2013 a good year to conserve farmland
Thanks to financial incentives made possible by Congress, the commonwealth and local conservation groups, farmers have great opportunities to conserve farmland in 2013 – and to receive financial compensation for doing so. Combined, these tools may make 2013 one of the best years for landowners to implement long-term conservation and estate-planning goals.
Residents of Rappahannock County have long recognized that working farmland is a great asset to our community. It is also the basis for two major economic drivers in the county: agriculture and tourism.
Farmland Preservation Program
To carry this important resource into the future, the county is once again calling for applications for the Farmland Preservation Program – a purchase of development rights program in which farmers are paid to remove development rights from productive working farmland. This helps ensure that the land is always available for farming.
Through the program, landowners complete a conservation easement on their property and receive a fixed rate for each development right that they voluntarily extinguish. Besides this purchase price, the landowner is often eligible for additional financial benefits, including a federal income tax deduction, transferable state tax credits and an estate tax benefit.
This year the county – thanks to generous pledges from the Krebser Fund, the Rappahannock County Conservation Alliance and matching funds from the Commonwealth – was able to secure $100,000 to buy development rights from farmers in the county. The county hopes to use these funds to expand on previous conservation successes, such as the conservation easements on Muskrat Haven Farm in 2008 and the farmland owned by Levi Atkins in 2011, both of which were made possible through the County Farmland Preservation program.

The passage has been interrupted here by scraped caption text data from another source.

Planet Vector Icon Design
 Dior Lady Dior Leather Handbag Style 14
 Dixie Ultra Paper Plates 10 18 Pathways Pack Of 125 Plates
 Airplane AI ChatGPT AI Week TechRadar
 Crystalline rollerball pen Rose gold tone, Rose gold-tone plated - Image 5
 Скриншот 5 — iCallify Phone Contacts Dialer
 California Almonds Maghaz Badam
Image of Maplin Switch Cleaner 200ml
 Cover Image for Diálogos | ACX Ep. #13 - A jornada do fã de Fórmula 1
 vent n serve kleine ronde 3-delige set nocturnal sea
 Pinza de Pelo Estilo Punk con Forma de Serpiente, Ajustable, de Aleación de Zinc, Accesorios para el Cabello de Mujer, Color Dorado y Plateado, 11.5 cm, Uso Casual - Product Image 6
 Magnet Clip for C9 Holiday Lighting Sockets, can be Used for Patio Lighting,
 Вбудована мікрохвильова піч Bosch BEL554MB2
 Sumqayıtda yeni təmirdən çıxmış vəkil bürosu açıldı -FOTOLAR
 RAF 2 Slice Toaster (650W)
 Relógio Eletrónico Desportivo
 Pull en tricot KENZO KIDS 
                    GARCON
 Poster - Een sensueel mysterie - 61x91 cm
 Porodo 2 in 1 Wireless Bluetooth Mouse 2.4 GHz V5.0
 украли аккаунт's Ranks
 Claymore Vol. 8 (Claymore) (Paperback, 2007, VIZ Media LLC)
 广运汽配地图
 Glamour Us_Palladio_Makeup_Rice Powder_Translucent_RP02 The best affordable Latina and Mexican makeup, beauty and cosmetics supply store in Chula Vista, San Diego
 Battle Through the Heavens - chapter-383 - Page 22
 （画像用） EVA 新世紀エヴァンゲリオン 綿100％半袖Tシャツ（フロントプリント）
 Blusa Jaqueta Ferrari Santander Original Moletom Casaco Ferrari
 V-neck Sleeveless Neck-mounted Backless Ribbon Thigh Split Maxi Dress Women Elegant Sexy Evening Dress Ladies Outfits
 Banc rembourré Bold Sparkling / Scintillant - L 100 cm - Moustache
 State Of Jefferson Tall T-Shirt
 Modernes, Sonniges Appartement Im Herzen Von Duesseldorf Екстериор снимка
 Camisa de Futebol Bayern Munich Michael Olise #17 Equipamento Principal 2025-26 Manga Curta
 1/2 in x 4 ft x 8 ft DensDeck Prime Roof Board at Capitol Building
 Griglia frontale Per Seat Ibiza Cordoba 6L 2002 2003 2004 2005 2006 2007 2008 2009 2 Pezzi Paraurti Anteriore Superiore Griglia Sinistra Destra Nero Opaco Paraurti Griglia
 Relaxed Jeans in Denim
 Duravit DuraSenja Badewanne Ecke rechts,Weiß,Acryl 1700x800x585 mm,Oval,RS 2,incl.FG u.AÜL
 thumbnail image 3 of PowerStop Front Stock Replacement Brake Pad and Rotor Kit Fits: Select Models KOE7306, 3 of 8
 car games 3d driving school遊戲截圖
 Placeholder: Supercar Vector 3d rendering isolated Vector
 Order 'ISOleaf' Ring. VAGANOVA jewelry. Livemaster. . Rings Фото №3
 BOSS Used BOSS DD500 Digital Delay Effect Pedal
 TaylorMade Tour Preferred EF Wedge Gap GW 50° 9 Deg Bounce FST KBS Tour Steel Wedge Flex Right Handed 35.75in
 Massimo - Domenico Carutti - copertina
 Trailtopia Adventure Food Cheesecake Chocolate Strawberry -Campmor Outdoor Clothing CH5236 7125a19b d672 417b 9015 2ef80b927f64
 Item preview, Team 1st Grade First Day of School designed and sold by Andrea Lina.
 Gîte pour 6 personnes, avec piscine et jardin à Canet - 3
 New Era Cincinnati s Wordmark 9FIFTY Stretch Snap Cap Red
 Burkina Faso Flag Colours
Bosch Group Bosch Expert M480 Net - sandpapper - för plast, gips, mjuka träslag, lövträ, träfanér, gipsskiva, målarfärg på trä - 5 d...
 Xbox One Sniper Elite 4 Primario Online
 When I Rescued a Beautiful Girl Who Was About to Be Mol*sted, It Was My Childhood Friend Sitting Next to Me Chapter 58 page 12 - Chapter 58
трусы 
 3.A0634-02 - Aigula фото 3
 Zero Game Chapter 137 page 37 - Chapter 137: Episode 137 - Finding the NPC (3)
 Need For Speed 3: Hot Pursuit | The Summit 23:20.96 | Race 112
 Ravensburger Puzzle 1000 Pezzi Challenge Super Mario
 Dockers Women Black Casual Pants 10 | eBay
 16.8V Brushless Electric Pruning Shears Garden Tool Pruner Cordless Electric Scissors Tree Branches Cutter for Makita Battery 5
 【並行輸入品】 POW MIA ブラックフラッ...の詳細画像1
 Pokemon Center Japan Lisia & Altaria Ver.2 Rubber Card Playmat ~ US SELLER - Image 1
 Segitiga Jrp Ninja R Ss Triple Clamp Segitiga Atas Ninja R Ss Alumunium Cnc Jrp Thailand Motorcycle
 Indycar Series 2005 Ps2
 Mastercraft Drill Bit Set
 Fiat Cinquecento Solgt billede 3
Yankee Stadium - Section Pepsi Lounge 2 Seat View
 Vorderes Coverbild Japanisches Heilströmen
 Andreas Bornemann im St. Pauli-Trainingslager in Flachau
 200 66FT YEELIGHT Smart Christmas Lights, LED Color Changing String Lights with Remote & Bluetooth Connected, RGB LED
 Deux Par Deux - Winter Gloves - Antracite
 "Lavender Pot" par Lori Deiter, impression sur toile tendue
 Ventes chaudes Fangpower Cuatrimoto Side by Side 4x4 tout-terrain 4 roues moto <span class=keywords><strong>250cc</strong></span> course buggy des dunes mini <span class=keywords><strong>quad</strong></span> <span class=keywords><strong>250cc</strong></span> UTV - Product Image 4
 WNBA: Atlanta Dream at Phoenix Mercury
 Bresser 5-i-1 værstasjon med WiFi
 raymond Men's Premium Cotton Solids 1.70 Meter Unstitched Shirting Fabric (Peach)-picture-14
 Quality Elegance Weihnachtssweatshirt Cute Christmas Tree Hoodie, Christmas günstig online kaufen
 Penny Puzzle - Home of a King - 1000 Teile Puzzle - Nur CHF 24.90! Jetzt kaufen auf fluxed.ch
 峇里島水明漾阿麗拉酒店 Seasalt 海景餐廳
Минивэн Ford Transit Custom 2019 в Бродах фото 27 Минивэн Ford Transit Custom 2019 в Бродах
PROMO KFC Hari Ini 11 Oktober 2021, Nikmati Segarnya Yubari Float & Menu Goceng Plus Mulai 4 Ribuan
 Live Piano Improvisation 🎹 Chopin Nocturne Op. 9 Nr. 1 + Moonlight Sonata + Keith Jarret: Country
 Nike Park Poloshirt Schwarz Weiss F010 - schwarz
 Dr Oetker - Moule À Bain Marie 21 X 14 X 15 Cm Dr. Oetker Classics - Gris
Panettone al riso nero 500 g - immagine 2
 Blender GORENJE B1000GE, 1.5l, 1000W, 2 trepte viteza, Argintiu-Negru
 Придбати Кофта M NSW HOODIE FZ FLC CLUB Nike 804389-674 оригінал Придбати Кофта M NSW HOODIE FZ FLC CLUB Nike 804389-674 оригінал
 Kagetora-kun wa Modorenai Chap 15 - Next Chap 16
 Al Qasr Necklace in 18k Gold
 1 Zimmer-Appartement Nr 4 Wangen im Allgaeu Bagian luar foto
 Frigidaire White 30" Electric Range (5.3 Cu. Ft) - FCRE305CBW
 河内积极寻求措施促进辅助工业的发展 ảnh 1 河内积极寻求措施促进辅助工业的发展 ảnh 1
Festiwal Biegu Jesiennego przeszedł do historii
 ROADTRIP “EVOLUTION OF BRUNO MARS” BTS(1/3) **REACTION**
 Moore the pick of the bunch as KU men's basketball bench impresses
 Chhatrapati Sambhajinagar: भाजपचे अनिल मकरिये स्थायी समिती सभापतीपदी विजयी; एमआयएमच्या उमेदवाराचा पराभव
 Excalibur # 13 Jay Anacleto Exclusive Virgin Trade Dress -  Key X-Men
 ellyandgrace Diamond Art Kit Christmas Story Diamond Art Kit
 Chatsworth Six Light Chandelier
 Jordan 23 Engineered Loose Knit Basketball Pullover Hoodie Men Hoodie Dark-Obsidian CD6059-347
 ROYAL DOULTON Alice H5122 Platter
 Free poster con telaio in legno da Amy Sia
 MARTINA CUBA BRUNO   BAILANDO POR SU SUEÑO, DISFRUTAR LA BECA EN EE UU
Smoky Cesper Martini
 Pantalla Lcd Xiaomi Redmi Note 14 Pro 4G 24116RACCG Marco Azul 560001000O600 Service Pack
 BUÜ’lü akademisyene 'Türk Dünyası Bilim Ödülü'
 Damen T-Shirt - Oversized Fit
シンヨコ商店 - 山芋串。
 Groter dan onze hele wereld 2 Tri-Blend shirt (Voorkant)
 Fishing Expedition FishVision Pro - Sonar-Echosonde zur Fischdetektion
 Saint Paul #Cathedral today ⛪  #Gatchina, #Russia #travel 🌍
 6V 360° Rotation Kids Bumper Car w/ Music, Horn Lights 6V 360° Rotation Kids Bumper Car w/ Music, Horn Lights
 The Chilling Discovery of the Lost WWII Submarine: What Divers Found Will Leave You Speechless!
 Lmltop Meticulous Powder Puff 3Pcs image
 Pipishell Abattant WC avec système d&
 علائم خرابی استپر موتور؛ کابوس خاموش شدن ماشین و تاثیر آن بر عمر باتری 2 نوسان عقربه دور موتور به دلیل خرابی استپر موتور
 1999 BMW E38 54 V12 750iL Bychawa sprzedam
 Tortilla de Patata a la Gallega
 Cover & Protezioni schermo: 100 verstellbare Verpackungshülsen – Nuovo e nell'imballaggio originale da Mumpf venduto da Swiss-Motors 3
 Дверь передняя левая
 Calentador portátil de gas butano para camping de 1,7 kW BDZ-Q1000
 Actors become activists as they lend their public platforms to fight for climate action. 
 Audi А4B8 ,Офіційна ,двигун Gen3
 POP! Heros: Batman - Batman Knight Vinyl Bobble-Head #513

For more information on the program or for an application, contact County Administrator John McCarthy at 540-675-5330 or jwmccarthy@rappahannockcountyva.gov.
Enhanced easement benefit
In the last hours of 2012, Congress renewed an enhanced tax incentive that makes it easier for private landowners – especially working family farmers and ranchers – to protect their land with the voluntary donation of a conservation easement.
The enhanced incentive applies to a landowner’s federal income tax, and raises the deduction a donor can take for donating a voluntary conservation agreement from 30 percent of their income in any year to 50 percent, allows farmers and ranchers to deduct up to 100 percent of their income and increases the number of years over which a donor can take deductions from six to 16 years.
This easement incentive, paired with the Virginia Land Preservation Tax Credit, which provides transferable tax credits to landowners who donate easements, has made it possible for conservation-minded landowners across the Commonwealth to permanently protect important farm- land, forest land and our natural and historic resources.
When landowners donate a conservation easement, they maintain ownership and management of their land and can sell or pass the land on to their heirs – while foregoing future development rights.
“This enhanced deduction is important to many conservationminded families who want to conserve community resources that we all benefit from – such as rivers and streams, important viewsheds, prime farming soils and important wildlife habitat – but can’t afford to give these development rights up without some compensation,” said Don Loock, land conservation officer with the Piedmont Environmental Council.
Landowners now have until Dec. 31, 2013 to take advantage of this significant tax deduction for donating a voluntary conservation agreement to permanently protect important natural or historic resources on their land.